Thats looking great! I'm planning on getting the same rims for my silver TT. Any hassles with offset/rubbing?


----------



## Hadaak (Dec 25, 2008)

100 km and evrything is OK. just be sure to get offset 43 if you're getting replicas with 8.5 width.
spec should be 8.5jx19 with 255/35/19 wheels offset 43 and centre bore 5x112.


----------



## Hadaak (Dec 25, 2008)

wja96 said:


> Hadaak said:
> 
> 
> > Do you know what the offset is on a 2L TFSI FWD?
> ...


Hey Mate ! At the time of this post I didn't really realise what you meant but Inow I know for sure, although a bit too late, as I had a vibration problem at 14Okm/h. I took the car back and they changed the spigots (plastic ones) and now the vibrations are gone. don't know if the vibration will be back when the plastic spigots wear out. I thought the rims I ordered didn't require spigots but I forgot this point when I orderd the rims. But as you said replicas with the exact centre bore for your car are not that easy to find.

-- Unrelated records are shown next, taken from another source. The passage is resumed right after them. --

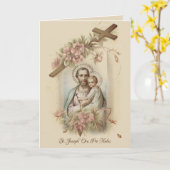 St. Joseph Kind Jesus Religious Traditional Karte (Gelbe Blume)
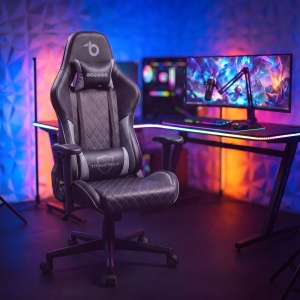 Scaun gaming TitanForce cu perne - negru/gri - 122 x 65 x 53 cm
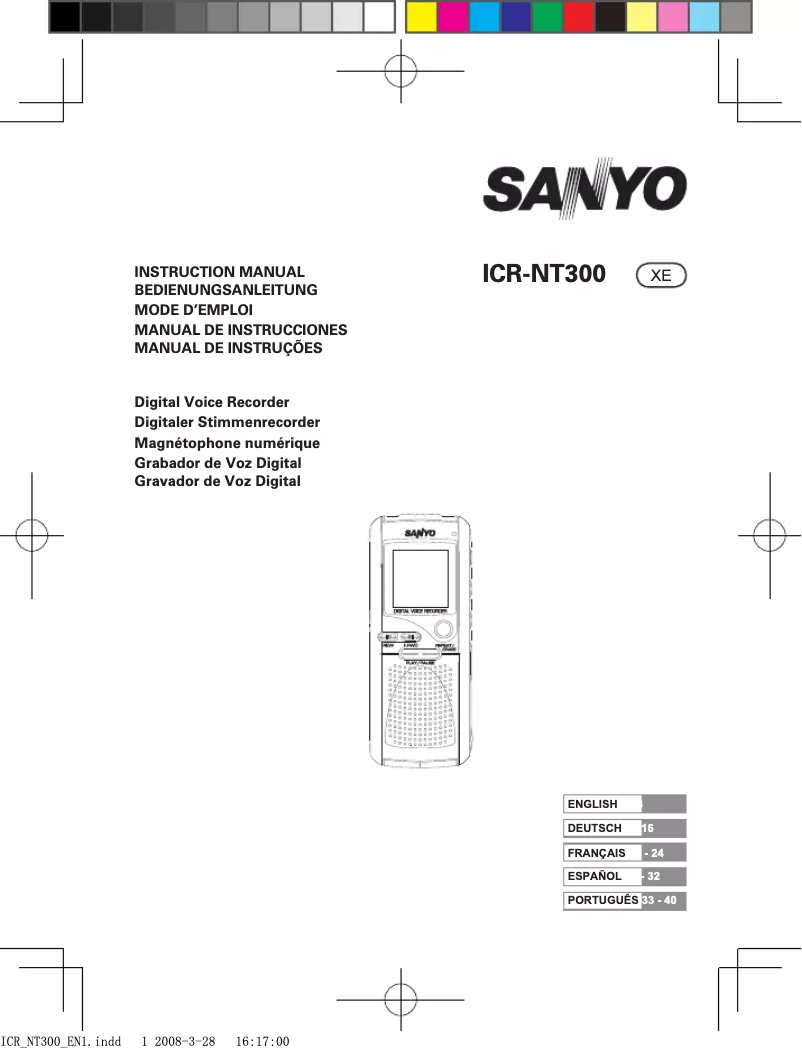 Page 1 de la notice Manuel utilisateur Sanyo ICR-NT300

for those who don't know what a spigot is here a pic of mine (red rings - the ones which caused the vibrations):


----------



## s1n1st4 (Feb 25, 2011)

Thanks for info. Took mine to 240km/h a week after fitting 19's and all is fine.


----------



## Hadaak (Dec 25, 2008)

Back from the dead.
I'm putting on a new set of the same TTRS rotor rims and a 4 hankook tires soon.
This time I'm looking for the exact same specs as the Audi OEM rims.
So part number by Audi is 8J0601025DB. This goes for about 746€ a piece online + shipping. So expect more than 3000€ for the real thing.
Now I found a replica manufacturer who is apparently a reputable one. WSP Italy.
The WSP rims are the same specs and of good quality according to my readings. They go for 220€ a piece here:
https://www.wheelsworld.it/product/2047 ... -polished-
Shipping is free but probably not to france.
I found a set of replicas in france for 790€ all 4 rims. The WSP one will cost around 900€ with shipping. I have to inquire about shipping.
So I'm going for the WSP ones even if they are becoming difficult to find.
Specs:

9x19
ET : 52.0 5x112 57.1
POSITION : : FRONT-REAR
PARTNUMBER : : 8J0601025DB

So anynone used WSP rims or bought from this site www.wheelsworld.it ?


----------



## Hadaak (Dec 25, 2008)

So no WSP 9x19 TTRS rotor style on the market. No stock even at WSP resellers.
I found a used set on ebay for 1500€ (delivered). Not sure I'm ready to buy a used set. 
the guy says the wheels are genuine and they are looking like new, no repairs. 
He has a set of 4 with 2 repaired wheels for 1350€ (delivered).


----------